Working with regulators to invest in the green transition
- It is important that regulators also consider how to improve process, not just the underlying principles that underpin the regime. As the IPCC has been emphasising in its Sixth Assessment Report, there is an urgent need to take action quickly. Therefore – while we are not calling on the regulators to abandon the principles that underpin financial stability – it is vital that decisions are taken more quickly and that the Bank of England recognises that asset classes that are fundamental to the development of a Net Zero economy need to be regularly reappraised. Decisions should be taken strategically so that investment can be mobilised quickly, rather than on a ‘case-by-case’ basis.

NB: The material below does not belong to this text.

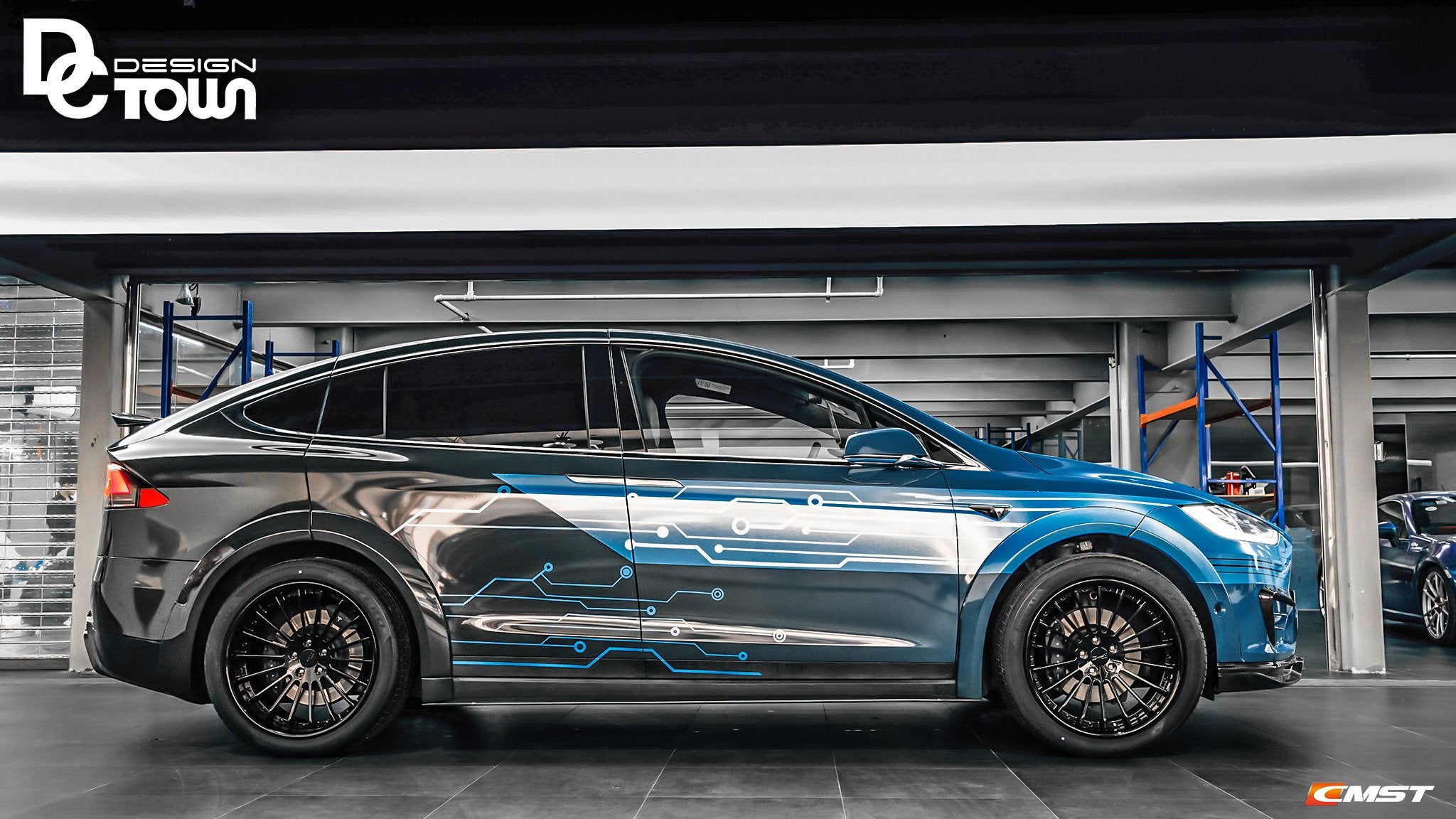 Check our price and buy CMST Carbon Fiber Body Kit set for Tesla Model X!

- It is important that the different regulators that impact decision making in financial services work together and base their decisions on the same set of underlying assumptions. While the PRA’s regulatory regime for insurance and long-term savings focusses on financial stability and risk management, the FCA is also (rightly) focussed on consumer impacts and preventing ‘greenwashing’. There is a potential risk that, if the investment opportunities prioritised by the Government as part of its Net Zero strategy do not align with the definitions the FCA relies on to define what is or is not ‘green’, that firms are disincentivised from making investments that are necessary to move the economy to Net Zero. It is vital that all parts of the regulatory regime recognise the role of investment in helping the whole economy transition, not just in growing sectors that are unambiguously ‘green’.
- Regulators should hold themselves to the same standards of transparency and accountability on climate action that they expect of the firms they regulate. There are already welcome moves in this direction, with each regulator publishing an adaptation report in 2021 for the first time, but this could be more extensive. In particular, we recommend that financial regulators regularly submit their climate strategies to detailed independent review. The alignment of their strategies with the UK’s Net Zero pathway should be reviewed by the independent Climate Change Committee, while their impact on the UK’s adaptation and resilience to climate change could potentially be formally reviewed by the Environment Agency.

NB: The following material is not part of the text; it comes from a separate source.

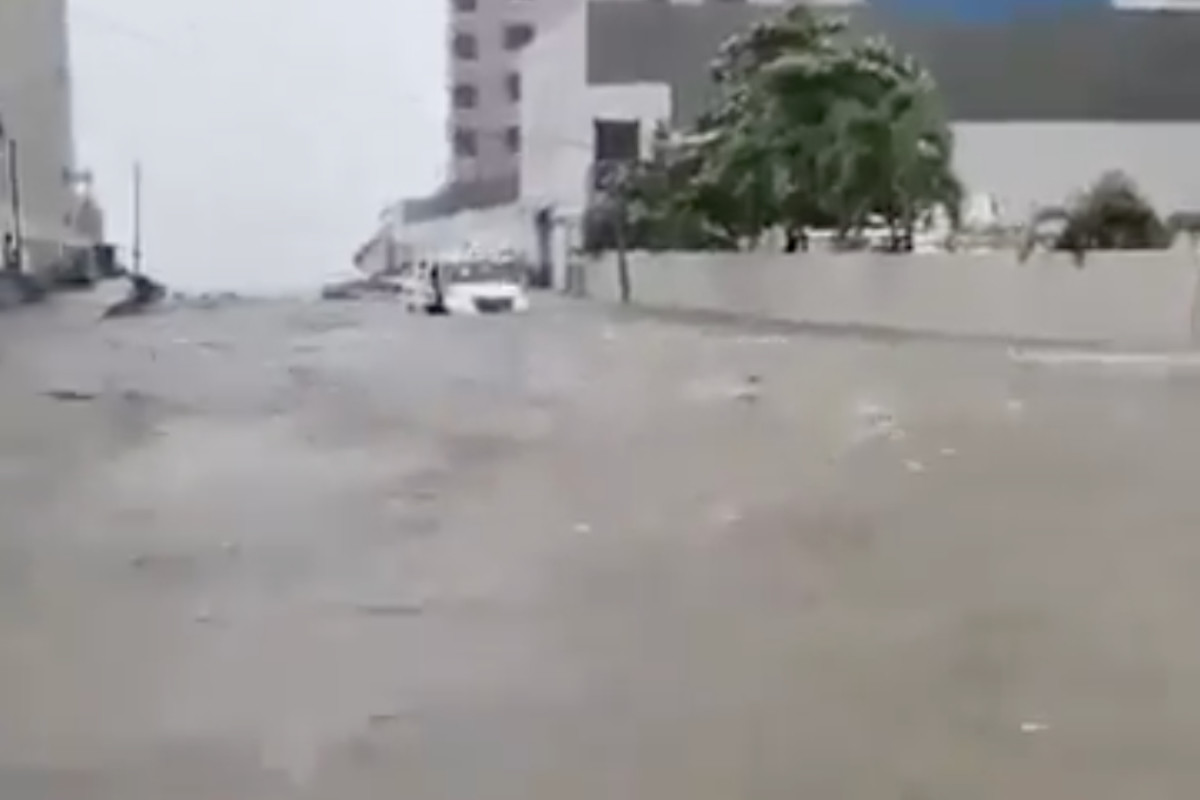 'John' ha causado severas inundaciones en Acapulco Foto: 'X'(Twitter) @chucho_cuerero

- The Government’s review of the Future Regulatory Framework for Financial Services, and the expected Financial Services legislation in the upcoming Queen’s Speech, presents a key opportunity to embed the activities of financial services regulators in the objective to reach net zero and prioritise economic growth/competitiveness. The ABI has been calling for the regulators to be given a new statutory objective to support economic growth, as many other jurisdictions do – including the US, Singapore and Australia. The House of Lords Economic Affairs Select Committee has a key role to provide scrutiny as legislation progresses, and of the future activities of the regulators, to ensure that the transition to net zero, and investment in green assets, is prioritised.